Kinkaid Lake is a reservoir located in southwestern Illinois. Entirely within Jackson County, the lake is approximately 5 mi northwest of Murphysboro and 100 mi southeast of St. Louis.

==History and ownership==
Kinkaid Lake was built in 1968 with an average depth of 39 feet, although the area near the dam (on the southernmost tip) is approximately 80 ft deep. The lake encompasses of 2,750 acre, which wind around the northwestern hills of Shawnee National Forest. The ownership of the surrounding land is divided among three entities; the Illinois Department of Natural Resources manages approximately 4,000 acre, while an additional 5,000 acre are managed by the U.S. Forest Service. Kinkaid-Reed's Creek Conservancy District oversees the remaining 300 acre.

==Features==

===Natural features===
Topography varies, from sandstone bluff formations to rolling hills surrounding the lake. In the rolling hills, oak and hickory trees predominate. Numerous flat contours are planted with prairie grasses, cool-season grasses, and wildlife food plots.

===Camping===
Picnic tables, shelters, charcoal grills and restroom facilities are provided at both Johnson Creek Recreation Area and Paul Ice Recreation Area. The second rest area also has playground equipment. Camping is permitted by the U.S. Forest Service, with locations at the Kinkaid-Reed's Creek Conservancy District and the Johnson Creek Recreation Area at Kinkaid Village Marina. Kinkaid Village Marina has 28 shaded RV sites with a picnic table and BBQ grill. There is also water, electric, and sewer at each site. In addition, there are over 100 campsites that can be rented on an annual basis. The marina also offers many other conveniences including: a campers store, hot showers, restaurant, free boat docks, boat sales and boat service. Camping is not permitted on any property held by the Department of Natural Resources.

===Fishing===
Kinkaid Lake provides opportunities for those interested in fishing for largemouth bass, bluegill, crappie, catfish, walleye and muskie types of fish. "Natural strain" muskellunges were first stocked at Kinkaid Lake in 1985, and the lake began producing fish up to 40 inches in length by 1990 (after only five years of growth).

In November 1998, construction of a spilling retention barrier was completed. This device was designed to keep the muskies in the lake (when the lake overflows into the spillway), but also offers the added benefit of keeping larger variants of walleye, bass, crappie, and striped bass from escaping.

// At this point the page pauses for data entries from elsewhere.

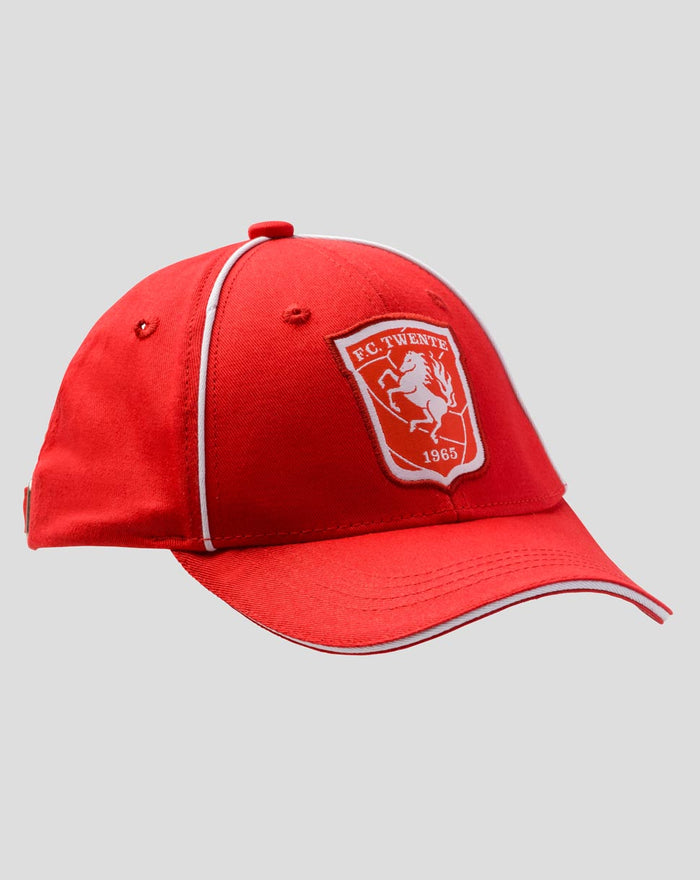 Red FC Twente junior cap with white horse crest on the front and white piping along the seams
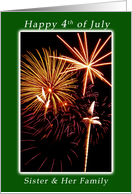 Independence Day, Happy 4th of July, Fireworks for Sister and Family card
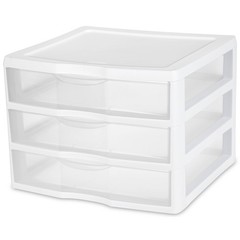 Wide 3 Drawer Unit, Clear Plastic Countertop or Desktop Drawers, White
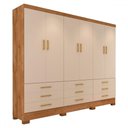 Ver imagem 3 de Guarda-roupa Casal San Diego 6 Portas 9 Gavetas Canelato/brilho - Panorama Móveis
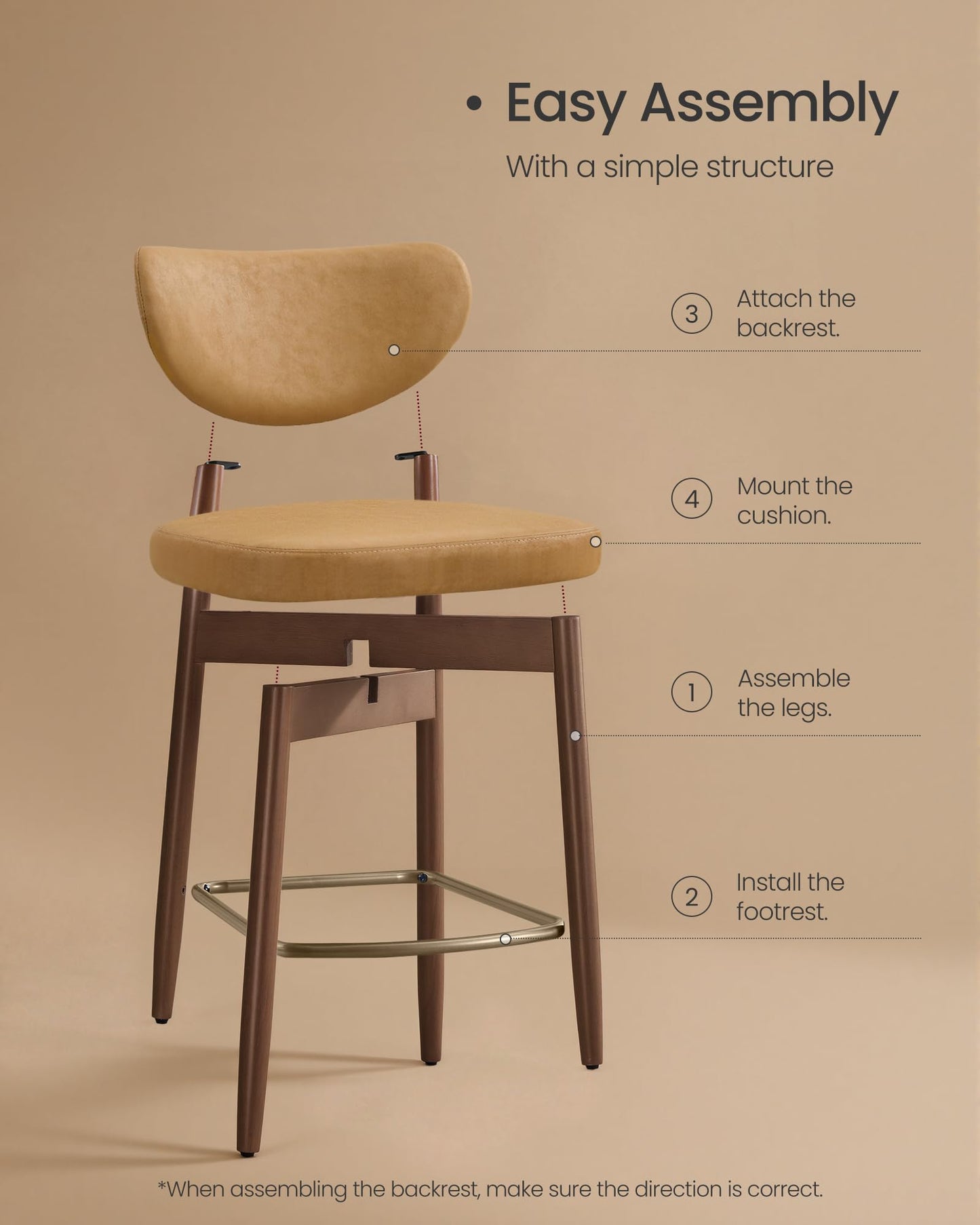 VASAGLE Wooden Bar Stools Set of 4, Upholstered Counter Height Barstools with Solid Wood Legs, Ergonomic Backrest, Mid Century Modern, for Kitchen Island, Synthetic Leather, Caramel Brown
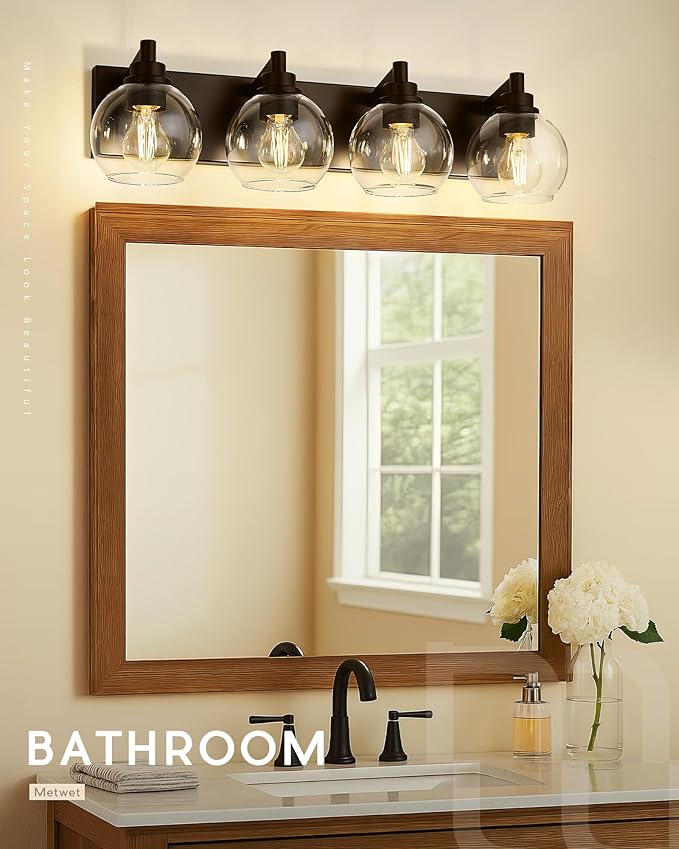 METWET Bathroom Light Fixtures Over Mirror, 4-Light Oil Rubbed Bronze Bathroom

The lake is the home of the Shawnee Chapter of Muskies Inc.

===Hunting===
Statewide regulations for the state of Illinois govern hunting at the Kinkaid Lake site. Within state regulations and seasons, species commonly available for hunting are deer, turkey, squirrel, quail, rabbit, dove, and waterfowl.

===Boating===
Four boat ramps are available to the public with a full-service marina also available. No horsepower restrictions apply at these areas, although numerous no-wake areas exist on the lake for safety and other reasons. The IDNR has recently added a 50 mph speed limit during the daytime and 25 mph speed limit at night.